Deep RL Meets Structured Prediction

Invited Speakers

Jessica B. Hamrick

Structured Computation and Representation in Deep Reinforcement Learning

Abstract: The world around us has rich structure, corresponding to objects and entities, the relationships between them, and rules for composing them into new objects and entities. As such, incorporating structure into deep learning architectures often affords stronger performance and greater generalization; the proliferation of convolutional and recurrent architectures (which both assume a particular type of structure) is a testament to this claim. In this talk, I will argue for thinking about structure more explicitly, and will distinguish between two types of structure: structured computation (how individual computations or functions are composed into more complex structures), and structured representation (the format of the data that computations are performed over, such as sequences, sets, graphs, and programs). I will present results from two projects which make interesting choices about both of these types of structure. In particular, I will show that agents which use structured representations (e.g., objects and scene graphs) and structured policies (e.g., object-centric actions) outperform those which use less structured representations, and generalize better beyond their training.

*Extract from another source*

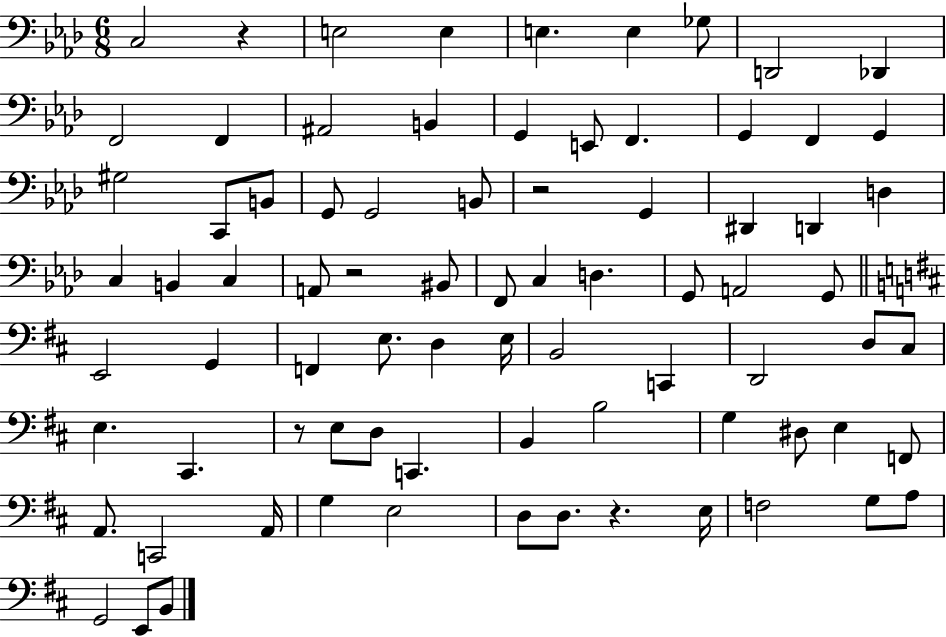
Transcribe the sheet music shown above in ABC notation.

Bio: http://www.jesshamrick.com/

Anima Anandkumar

Abstract: Standard deep learning algorithms are based on a function-fitting approach that do not exploit any domain knowledge or constraints. This has several shortcomings: high sample complexity, and lack of robustness and generalization, especially under domain or task shifts. I will show several ways to infuse structure and domain knowledge to overcome these limitations, viz., tensors, graphs, symbolic rules, physical laws, and simulations.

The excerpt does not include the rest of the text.